La
pandilla de Asakusa, Yasunari
Kawabata, Seix Barral, 2014 (1930), 285 págs., 19€.
Si algo se nos debe
exigir a los críticos literarios es que seamos buenos lectores. Buenos en el
sentido de curiosos, pero también en el de perspicaces ante los libros que
vamos a reseñar. Los que escribimos este tipo de comentarios no somos más que
guías que, gracias a nuestra experiencia o formación, podemos orientar al resto
de lectores para elegir y para acercarse correctamente a una obra literaria. Y
para ello, para ayudar a futuros receptores del libro reseñado, debemos ser
francos y señalar aciertos y errores que, desde nuestro punto de vista siempre
subjetivo, haya cometido el autor. Lo que no es tan habitual es que en las
reseñas aparezcan las equivocaciones del propio crítico, que se suele erigir
como un especialista infalible con un criterio sólido e incuestionable.
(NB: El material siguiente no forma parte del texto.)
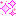 きら＆きら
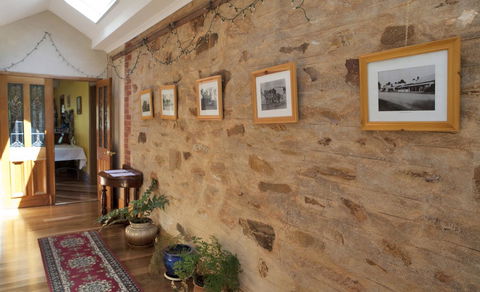 The Fruiterer's - Accommodation Yamba 18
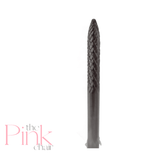 Sneaky Clean - thePINKchair.ca - efile Bit - thePINKchair.ca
Pues
bien, esta crítica de La pandilla de
Asakusa será una excepción ya que desgranaré los errores que he cometido en
su recepción para intentar que el lector que se decida a seguir mis pasos no
los cometa.
El primer error de mi
experiencia lectora ha sido provocado por la etiqueta genérica del libro; al
empezar a leer, creía que me iba a enfrentar a una novela al uso, es decir, con
una trama y unos personajes centrales cuya historia se desarrollara en Asakusa,
el populoso barrio de Tokio al que hace referencia el título. Sin embargo,
pronto me he dado cuenta de que Kawabata construye el libro como una serie de
fragmentos inconexos en el que van apareciendo y desapareciendo personajes
relacionados entre sí pero cuyas historias apenas aparecen apuntadas de manera
impresionista. Se trata de un tipo de escritura propia del Modernismo
occidental que el futuro premio Nobel japonés adapta a su lengua.
La frustración por la
ausencia de esa trama sólida y estructurada que iba buscando se ha acrecentado
por no hallar tampoco un protagonista. Al principio creía que el narrador, un
trasunto del propio Kawabata, iba a ser el eje del relato, pero sólo ejerce de
notario de los hechos que se suceden en el barrio y del que él es más testigo
que protagonista. Después creí que sería ese personaje colectivo que adelanta
el título el que se situaría en el foco de la narración; sin embargo, ninguno
de los vagabundos, bailarinas, geishas, pequeños rateros, proxenetas ni
prostitutas que pululan por el libro adquieren centralidad en toda la obra. Ni
siquiera Yumiko, la joven que ocupa varias páginas en la parte central del
libro en un episodio entre sórdido y romántico, atrae por mucho tiempo la
atención del narrador. El barrio de Asakusa es el único protagonista.
La última equivocación
que espero que evite el futuro lector de tiene que ver con mis prejuicios sobre
Japón. Esperaba una obra sobre la delicada belleza de las mujeres niponas,
sobre su tradición milenaria y filosofía oriental. Sin embargo, Kawabata
retrata el barrio menos japonés de Tokio, o, al menos, el que en aquellos años
veinte tenía una influencia más palpable de Occidente. En el centro de Asakusa
se erige un templo budista, sí, pero sus alrededores es un hervidero de
teatros, cabarets, restaurantes y de parques atestados de mendigos en donde los
miembros de la pandilla realizan sus pillerías.